Sinemayı aslında ben icat edecektim

Küre Yayınları'nın Yönetmen Sineması serisinden çıkan Ahmet Uluçay ve Semih Kaplanoğlu kitapları, yerli ve yeni sinemaya dair çok şey söylüyor

Aysel Yaşa
00:00 - 12/01/2011 Çarşamba
Güncelleme: 23:35 - 11/01/2011 Salı
Yeni Şafak
Sinemayı aslında ben icat edecektim
Sinemayı aslında ben icat edecektim

Ayşe Pay tarafından hazırlanan ve Küre Yayınları tarafından yayımlanan Yönetmen Sineması serisine iki yeni kitap eklendi. 2009 yılında kaybettiğimiz Ahmet Uluçay ve Altın Ayı ödüllü yönetmen Semih Kaplanoğlu'nun sinemasına her perdeden bakan kitaplarda, yönetmenlerle yapılmış söyleşilerin yanı sıra, yönetmen sinemasına dair değerlendirme yazıları da bulunuyor. İhsan Kabil'in dizi editörlüğünü yaptığı Yönetmen Sineması Ahmet Uluçay kitabı, Kütahya'da sinemaya emek veren 'Keloğlan'ın hikayesiyle başlıyor. Kısa metrajlı birçok filmi bulunan ve tek uzun metrajı Karpuz Kabuğundan Gemiler Yapmak filmi olan yönetmenin tüm imkansızlıklara rağmen sinema için attığı önemli adımlara değiniliyor. Yönetmenle anılan yerli sinemaya dair değerlendirme yazılarının bulunduğu kitapta sinema, Uluçay'ın Leyla'sı olarak tanımlanıyor. Kitabın söyleşi bölümünde ise 'Sinemayı aslında ben icat edecektim' diyen Uluçay'ın Türk sinemasının geleceğine dair kurduğu şu cümleler yer alıyor: “Zeki Demirkubuz, Nuri Bilge Ceylan ve belki bir iki arkadaş daha onunla beraber Türk sinemasını götürür. Onları gördüm ya, artık gözüm arkada kalmaz. Türk sineması iyi bir yere gidiyor”.

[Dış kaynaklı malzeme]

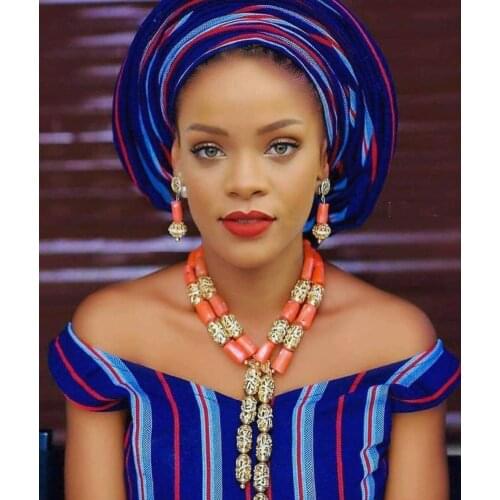 Latest Coral Gold Traditional African Wedding Beads Jewelry Set Original Coral Statement Necklace Set Bride Jewelry Set CNR300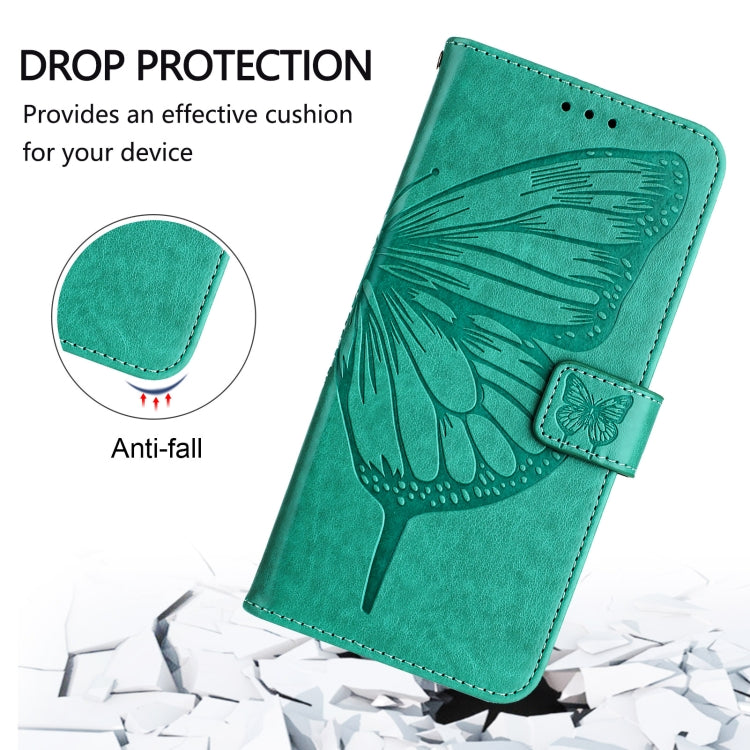 For Doogee N55 Plus Embossed Butterfly Leather Phone Case(Green) - Doogee Cases by PMC TechLife | Online Shopping South Africa | PMC TechLife | Buy Now Pay Later Mobicred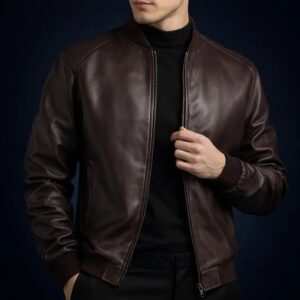 Casaca de cuero color café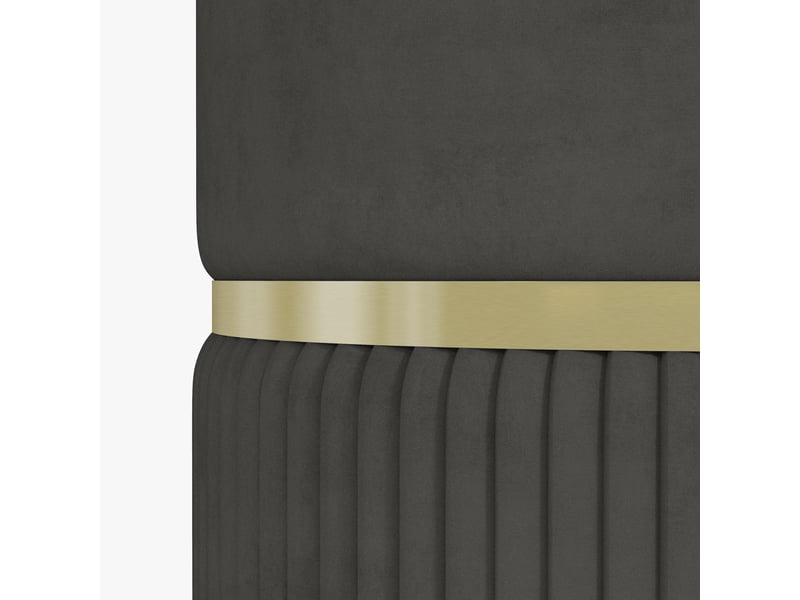  Pouf tabouret repose-pied coffre de rangement en velours côtelé pour salon chambre gris 36 x 36 x 44 cm  - Conforama W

Yeni Türk sineması ona müteşekkir

Aynı seriden çıkan Semih Kaplanoğlu kitabında ise yönetmenin sinemasında 'ana rahmi' olarak tanımlanan Herkes Kendi Evinde filminden, Altın Ayı ödüllü Bal'a kadar olan süreç irdeleniyor. Yusuf Üçlemesi'yle dikkatleri üzerine çeken ve yerli sinema noktasında farklı perspektifler sunan yönetmenin sinema serüveni de oldukça ilginç. Kitapta yer alan değerlendirme yazılarının çoğu da bu ilerle sürecine odaklanmış, Kaplanoğlu'nun tek tek tüm filmlerini irdeleyen cümlelerden oluşuyor. Yeni Türk Sineması'na çektiği filmlerle katkı sağlayan Kaplanoğlu filmlerinin çoğunda ev, aidiyet ve kaybolma süreçlerini işler. Kaplanoğlu sinemasında önemli sayılan bir diğer konu ise Allah inancıdır. “Allah rızası için film yapıyorum” diyerek amacını açıklayan Kaplanoğlu'nun kullandığı soyut dili ve sinemada sadeliğini de bu cümle üzerinden açıklayabiliriz. İşte kitapta da bu bağlı kalınan kavramlar üzerinden Kaplanoğlu sineması masaya yatırılıyor. Hasta olan Türk sinemasının bu masada kurtulacağına inananların desteklediği Kaplanoğlu, görünen o ki, şiirlerden öğrendiği sadeleşme disiplinini artırarak sinema yapmaya devam edecek.